Johanna and Salo give birth to triplets: Harrison, Lewyn and Sally. Unlike the general consensus, none of the children get on well - in fact, they despise each other. Harrison is pig-headed and thinks himself an intellectual; Lewyn is kinder, but resents his siblings; Sally enjoys isolating herself from the boys, instead leading a separate life. It is, somewhat, implausible, mainly because it would seem unlikely, given what we know about triplets/twins etc, that such hatred of each other would be real. More to the point, that Johanna, in particular, seems oblivious to it, instead thinking she has a perfect trio of children. Having said this, she is oblivious to a lot of things in her life, and prefers to have an 'ideal' of in her imagination which is far from the gritty reality - a sad reflection of Johanna being disillusioned.

What makes the novel more intriguing is the arrival of Phoebe, the actual 'latecomer', who is born 17 years after the triplets. Essentially, when Johanna discovers something about Salo, she pays to get the last remaining egg out of its storage and a carrier carries it - then Phoebe is born. The story becomes more complicated when we learn about Stella Western's role, and an additional child that plays a part in the tale.
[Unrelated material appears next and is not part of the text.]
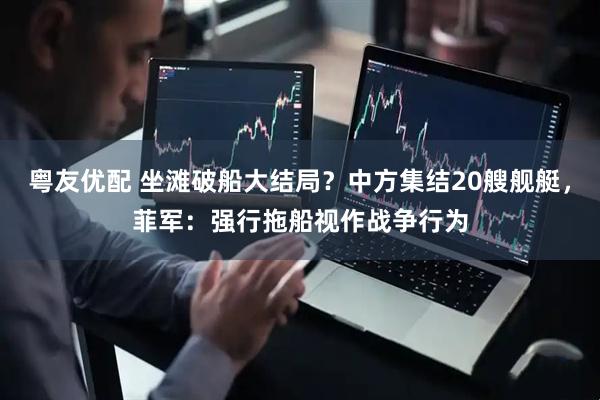 粤友优配 坐滩破船大结局？中方集结20艘舰艇，菲军：强行拖船视作战争行为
'The Latecomer' is extremely well-written - and in its backdrop there is 9/11, and the wealth of the art world, as well as other topical issues. I particularly like Korelitz's use of the first-person plural (us) - so it is never clear which one of the triplets' voices is coming through. Towards the end, when Phoebe's voice takes over, it is slightly less successful, I feel, and the transition feels a little clunky. However, this is a very original premise and a book whose plot will stay with me for a long while.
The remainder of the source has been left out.